Hi,

On 2020-01-11 23:20:56 -0500, Tom Lane wrote:
> Tomas Vondra <tomas.von...@2ndquadrant.com> writes:
> Nah, don't think I believe that: the test inserts a bunch of tuples,
> but they look like they will all be *exactly* the same size.
>
> CREATE TABLE decoding_test(x integer, y text);
> ...
>
>     FOR i IN 1..10 LOOP
>         BEGIN
>             INSERT INTO decoding_test(x) SELECT generate_series(1,5000);
>         EXCEPTION
>             when division_by_zero then perform 'dummy';
>         END;

I think the issue this triggers higher memory usage in in older versions
is that before

commit cec2edfa7859279f36d2374770ca920c59c73dd8
Author: Amit Kapila <akap...@postgresql.org>
Date:   2019-11-16 17:49:33 +0530

    Add logical_decoding_work_mem to limit ReorderBuffer memory usage.
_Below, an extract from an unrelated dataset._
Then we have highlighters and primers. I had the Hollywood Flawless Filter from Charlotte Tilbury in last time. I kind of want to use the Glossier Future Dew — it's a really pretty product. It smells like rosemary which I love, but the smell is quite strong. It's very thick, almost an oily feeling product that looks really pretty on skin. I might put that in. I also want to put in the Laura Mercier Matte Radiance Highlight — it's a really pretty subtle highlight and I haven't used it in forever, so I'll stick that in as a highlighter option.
we enforced how many changes to keep in memory (vs on disk)

/*
 * Maximum number of changes kept in memory, per transaction. After that,
 * changes are spooled to disk.
 *
 * The current value should be sufficient to decode the entire transaction
 * without hitting disk in OLTP workloads, while starting to spool to disk in
 * other workloads reasonably fast.
 *
 * At some point in the future it probably makes sense to have a more elaborate
 * resource management here, but it's not entirely clear what that would look
 * like.
 */
static const Size max_changes_in_memory = 4096;

on a per-transaction basis. And that subtransactions are *different*
transactions for that purpose (as they can be rolled back
separately). As the test generates loads of records for different
subtransactions, they each end up having quite a few changes (including
the tuples pointed to!) in memory at the same time.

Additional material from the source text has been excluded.